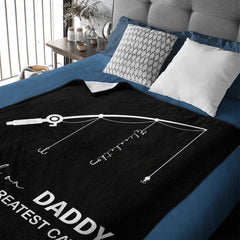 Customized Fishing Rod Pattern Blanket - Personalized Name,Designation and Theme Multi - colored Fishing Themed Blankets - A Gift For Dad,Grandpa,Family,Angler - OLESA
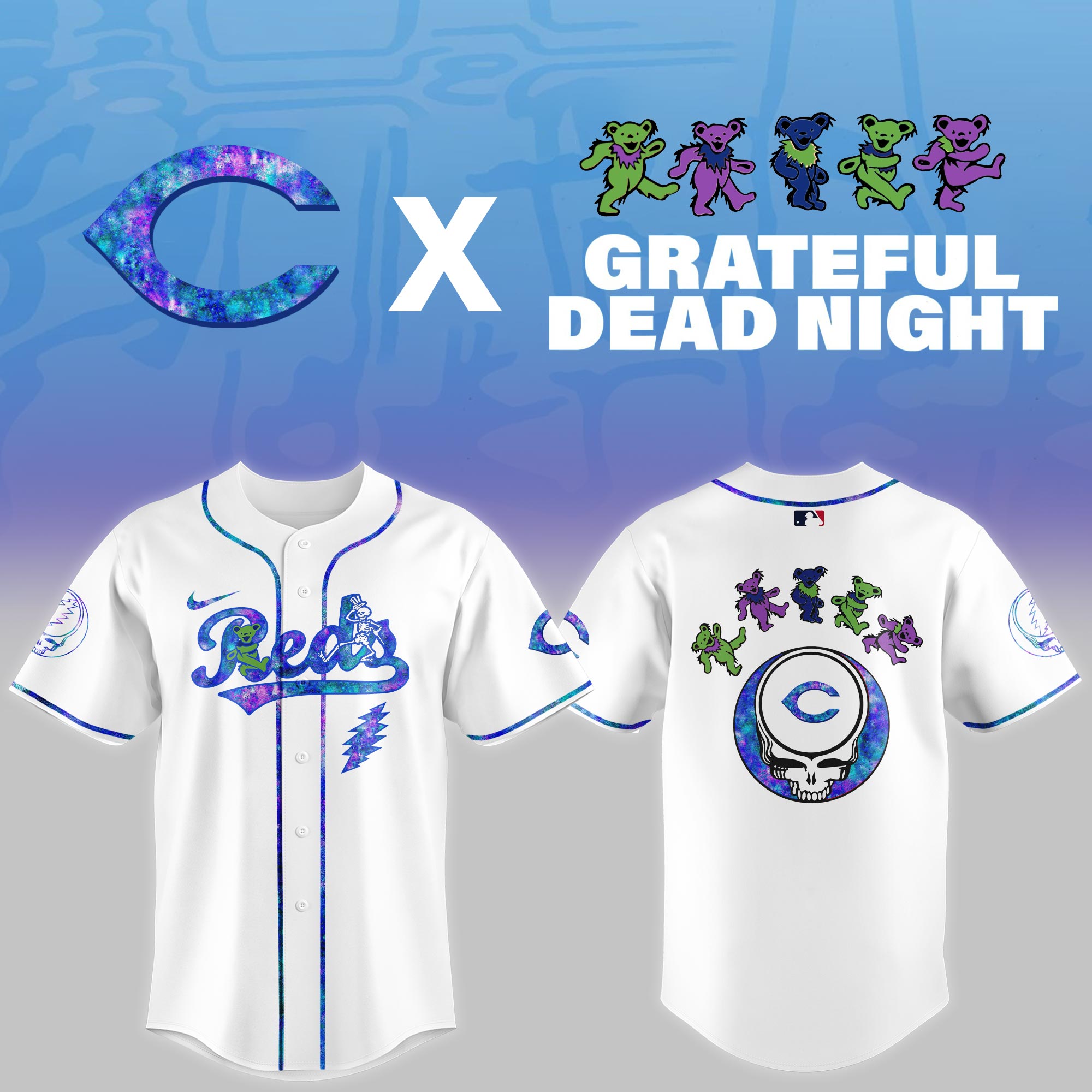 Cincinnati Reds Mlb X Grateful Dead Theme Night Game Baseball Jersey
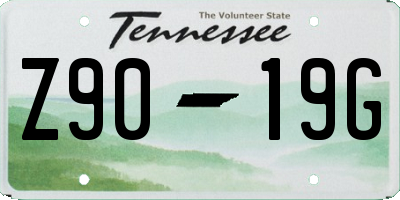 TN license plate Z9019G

————

> _Task goal_
Omitting all images, print the listing exactly.

> _Exercise result_
 Customized Fishing Rod Pattern Blanket - Personalized Name,Designation and Theme Multi - colored Fishing Themed Blankets - A Gift For Dad,Grandpa,Family,Angler - OLESA
 Cincinnati Reds Mlb X Grateful Dead Theme Night Game Baseball Jersey
 TN license plate Z9019G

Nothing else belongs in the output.